The Commonwealth War Graves Commission sought the faculty to commemorate Private William Sydney Walker, of the Oxford and Buckinghamshire Light Infantry, who was murdered while on active service with the British army on 22 February 1921, aged 24.
The commission was established by Royal Charter in 1917 as the sole organisation charged with the care of the graves and the commemoration of members of the Commonwealth forces who died during the official war periods of the two world wars as a result either of wounds inflicted or an accident occurring during active service. The relevant Order in Council declared the First World War to have ended on 31 August 1921.
Private Walker had served in France and Belgium before he was shot and killed at Woodford, County Galway, where he and two other soldiers were recorded to have been “found murdered by Sinn Feiners”. The body of one of them had a notice saying “Spies, tried by court martial and found guilty, let all others beware.” All three bodies had been sent back to England for burial.
Private Walker was buried with full military honours in the churchyard at Tackley on 26 February 1921, but his details were not passed on to the Commission by the service authority after the war for commemoration. A case was submitted to the service authority in 2007 for adjudication, and the Commission was informed that Private Walker qualified for commemoration under the death-in-service criterion.

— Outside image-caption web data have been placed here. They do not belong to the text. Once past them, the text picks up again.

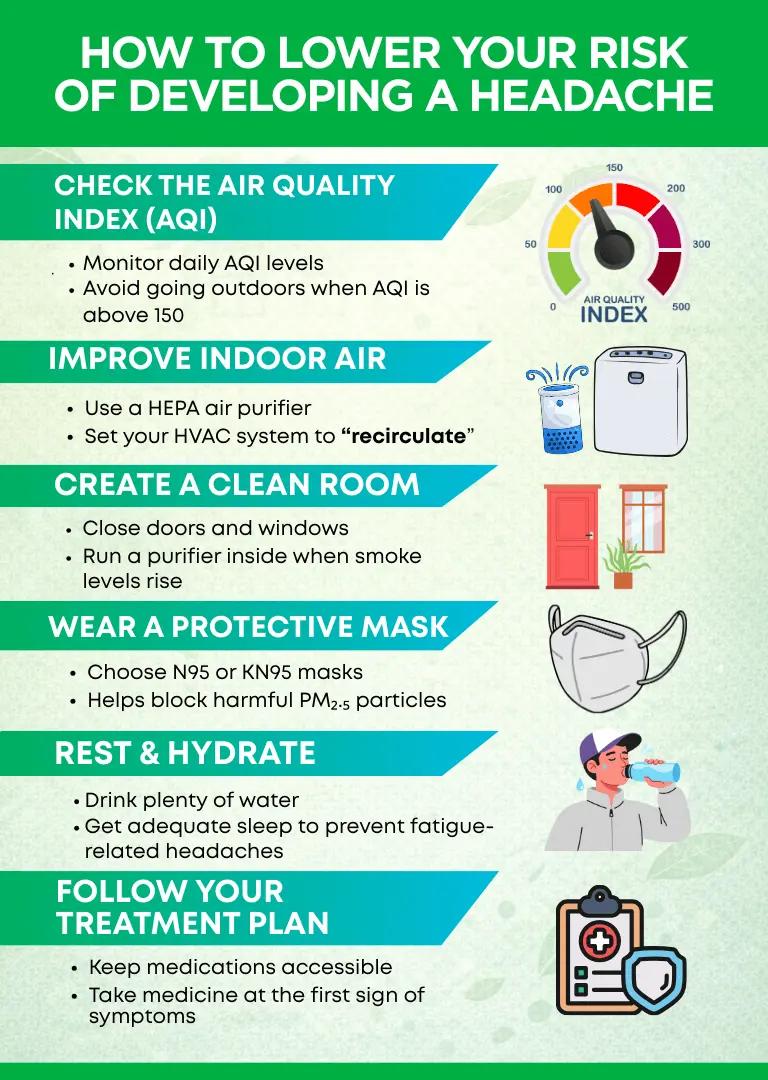 Tips to reduce wildfire smoke headaches and improve air quality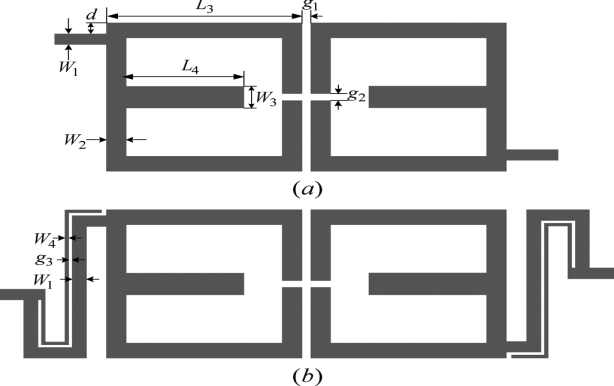 Şekil 1. 3: a) 3 İletim sıfırlı filtre, b) 4 İletim sıfırlı filtre. Dual band filtreyi dizayn etmek için yan hat yüklü rezonatör (SLR) kullanıldığından bahsedilmiştir. Şekil 1.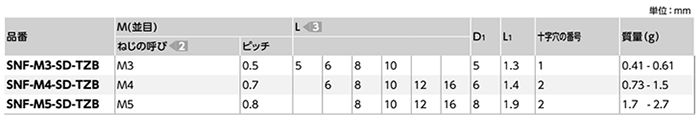 鉄(+)皿頭 小ねじ 小頭 (SNF-SD-TZB/小袋入り)(NBK製)の寸法表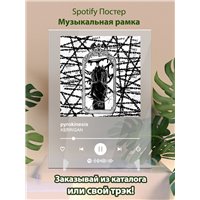 Портреты картины репродукции на заказ - pyrokinesis - KERRIGAN - постер Spotify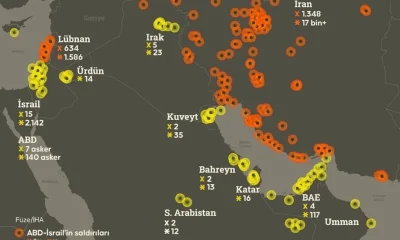 İran’dan ABD’ye sert mesajlar: Bölgedeki Petrol Kuyularınızı Havaya Uçurana Kadar Savaşa Devam Edeceğiz!.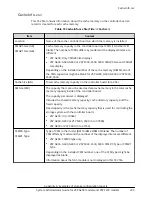 Preview for 243 page of Hitachi Virtual Storage Platform F400 System Administrator Manual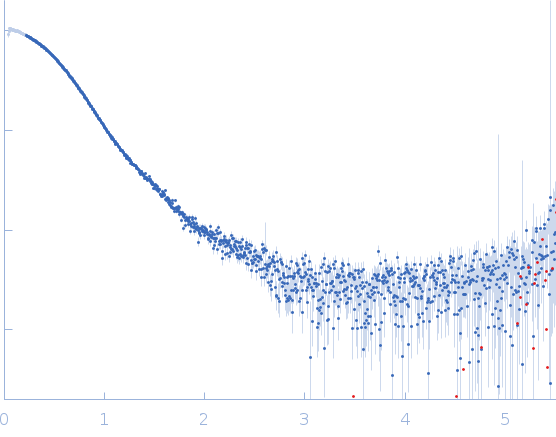 IgM Mannitou Fab Heavy ChainIgM Mannitou Fab Light Chain experimental SAS data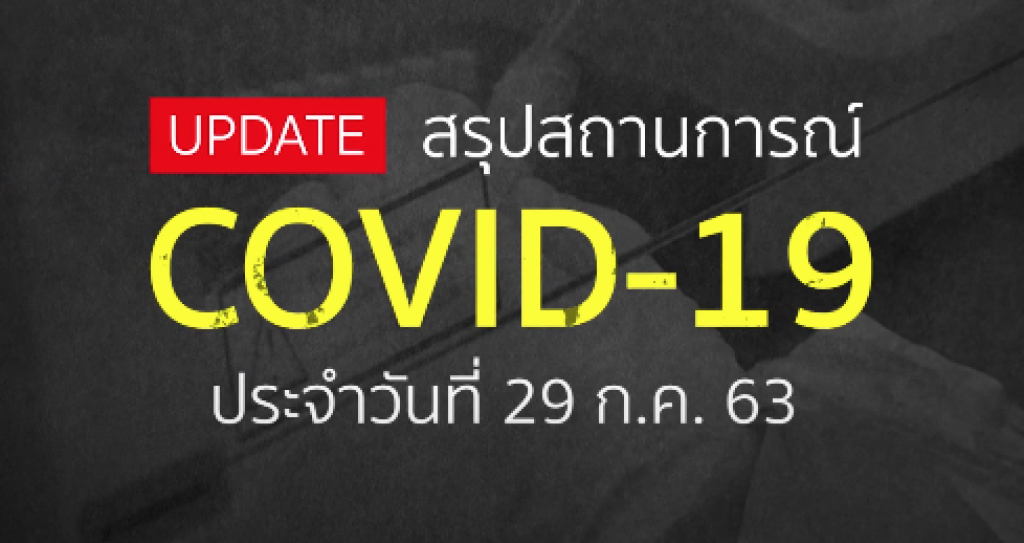 สรุปสถานการณ์ โควิด 19 รอบโลก ประจำวันที่ 29 กรกฎาคม 2563 สรุปสถานการณ์ โควิด 19 รอบโลก ประจำวันที่ 29 กรกฎาคม 2563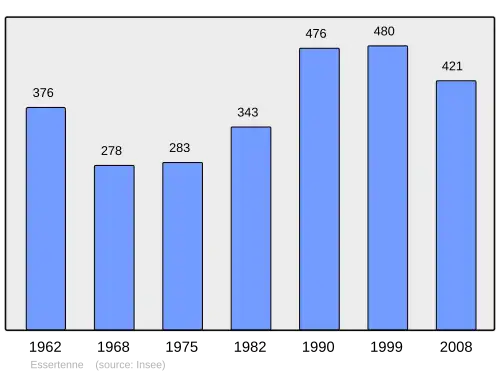 Grafiek inwonertal gemeente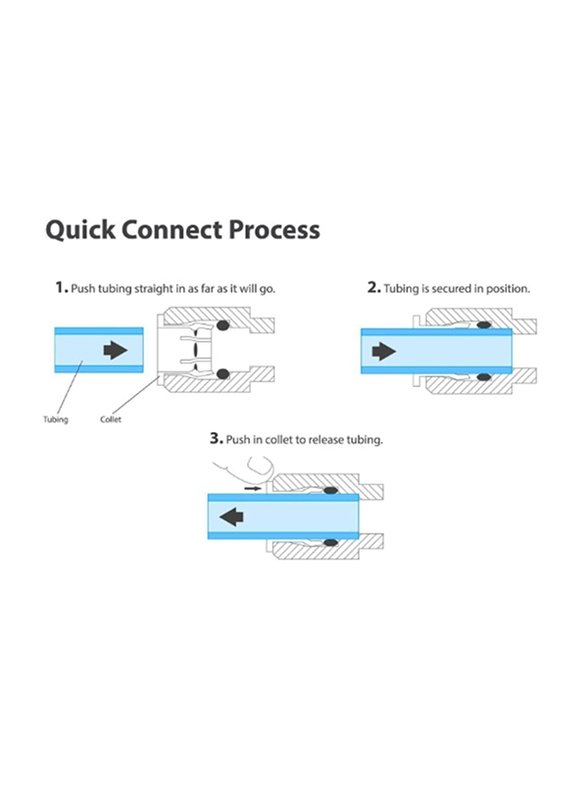 Lemoy OD Quick Connect Push in to Connect for RO Water Reverse Osmosis System Water Tube Fitting, 20 Pieces, White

The burial register for the churchyard did not record a grave reference for Private Walker’s burial location, and an inspection visit by the Commission failed to locate the grave. The Commission therefore proposed installing a standard war-pattern headstone in a suitable location within the churchyard with a superscription “Buried elsewhere in this churchyard”.
The PCC of St Nicholas’s pointed out that Private Walker died not during the First World War, but as part of the forces involved in the Anglo-Irish war, and, since the church tried to be a model of ecumenism, there were Roman Catholics of Irish descent and even a Roman Catholic priest who were part of the worshipping community. The PCC, therefore, expressed concern that an official memorial to the Anglo-Irish war in the form of a commemoration to an English soldier could be felt as an act of exclusion. The Rector was particularly sensitive to any local concerns in the light of issues raised by memorials to slavers and similar problems of contested heritage.
Chancellor David Hodge QC said that introduction of the proposed memorial would not result in any harm to the setting, the appearance, or the significance of the church as a building of special architectural or historic interest, or of its churchyard. He was satisfied that the Commission had shown a sufficiently good reason to introduce the proposed memorial to Private Walker into the churchyard, even though the location of his grave was not known, so that the memorial could not be introduced at the place where his body was buried.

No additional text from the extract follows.